(Entries provided Opens)

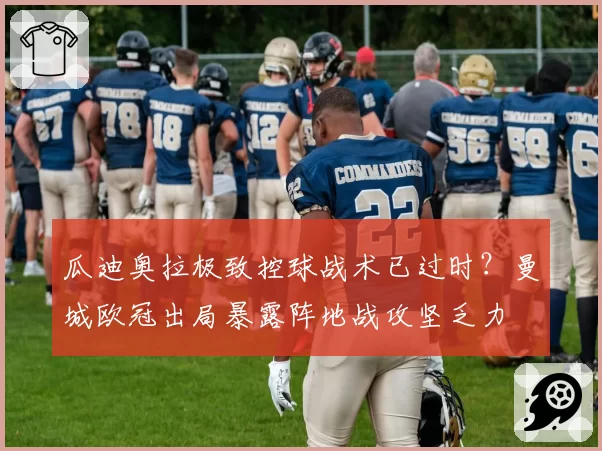 瓜迪奥拉极致控球战术已过时？曼城欧冠出局暴露阵地战攻坚乏力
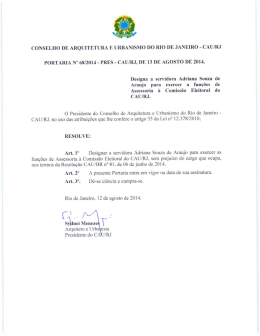 Designa a servidora Adriana Souza de Araujo para exercer a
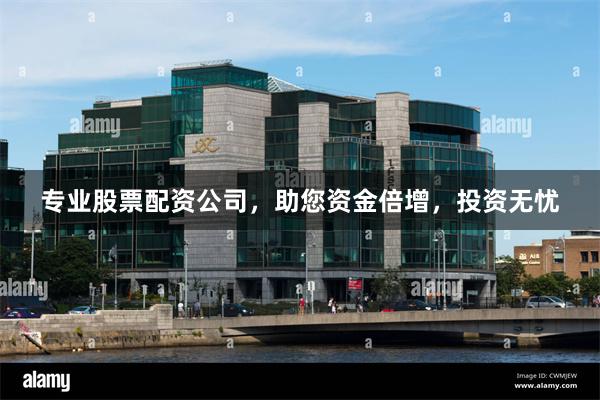 专业股票配资公司，助您资金倍增，投资无忧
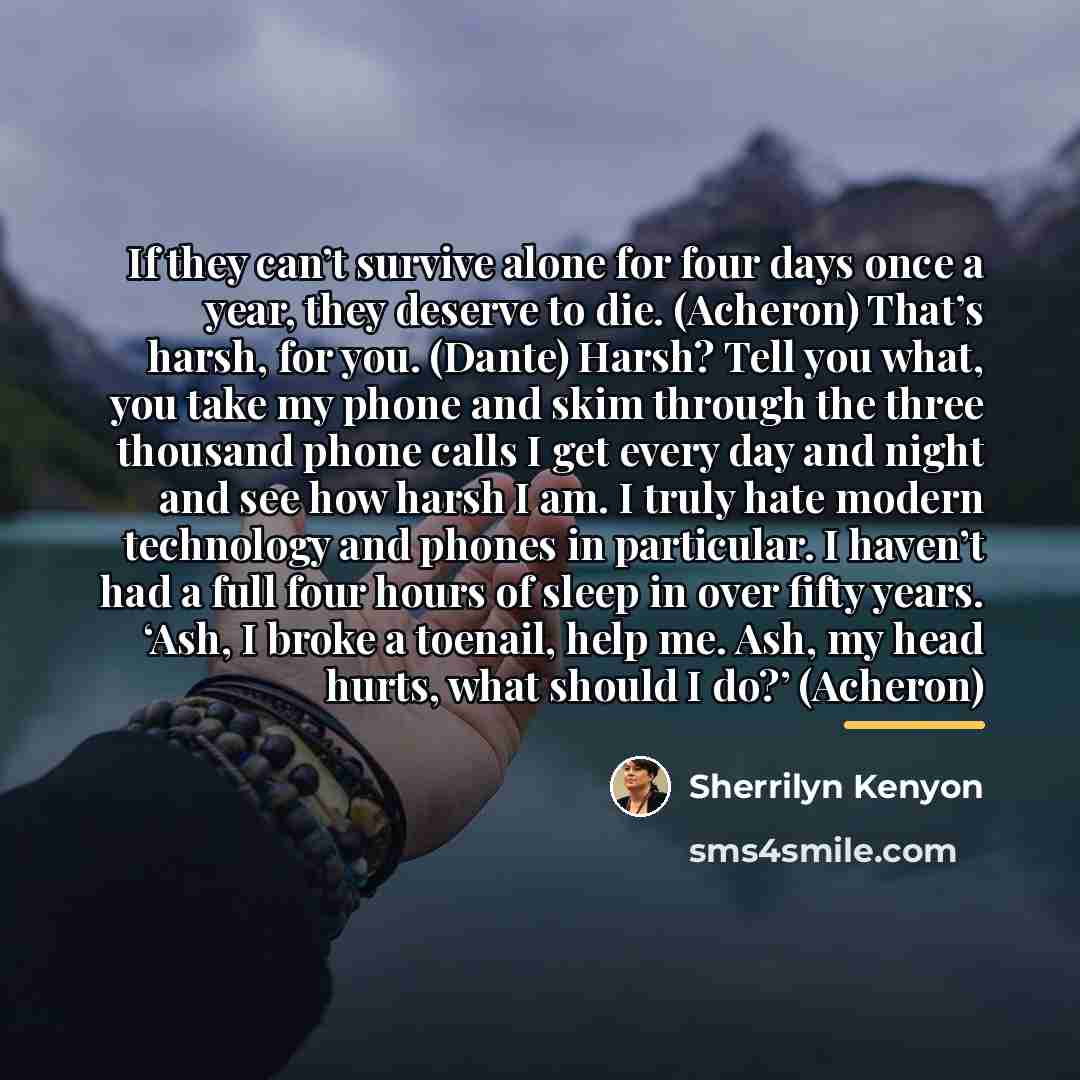 “If they can’t survive alone for four days once a…” quote by Sherrilyn Kenyon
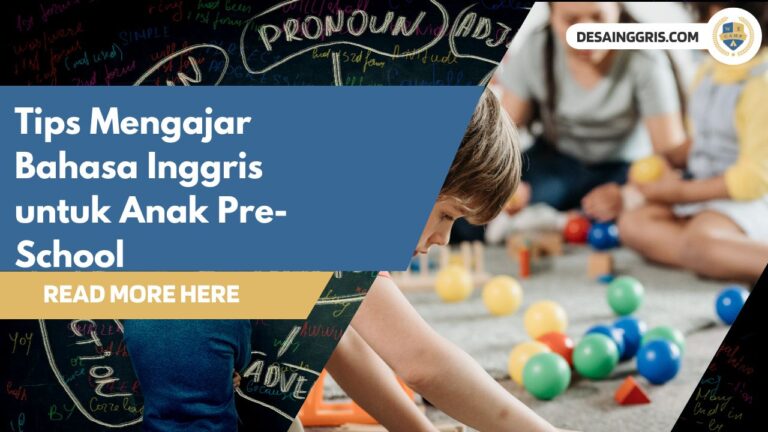 Tips Mengajar Bahasa Inggris untuk Pre-School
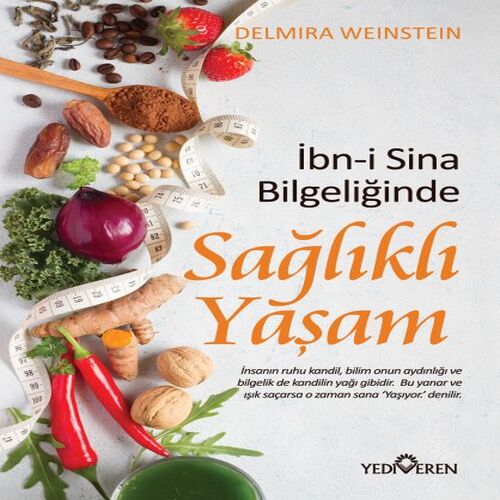 İbn-i Sina Bilgeliğinde Sağlıklı Yaşam İbn-i Sina Bilgeliğinde Sağlıklı Yaşam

(Entries provided Closes)

To do: Would you return the entries verbatim, minus any images?

Response to the exercise:
 瓜迪奥拉极致控球战术已过时？曼城欧冠出局暴露阵地战攻坚乏力
 Designa a servidora Adriana Souza de Araujo para exercer a
 专业股票配资公司，助您资金倍增，投资无忧
 “If they can’t survive alone for four days once a…” quote by Sherrilyn Kenyon
 Tips Mengajar Bahasa Inggris untuk Pre-School
 İbn-i Sina Bilgeliğinde Sağlıklı Yaşam İbn-i Sina Bilgeliğinde Sağlıklı Yaşam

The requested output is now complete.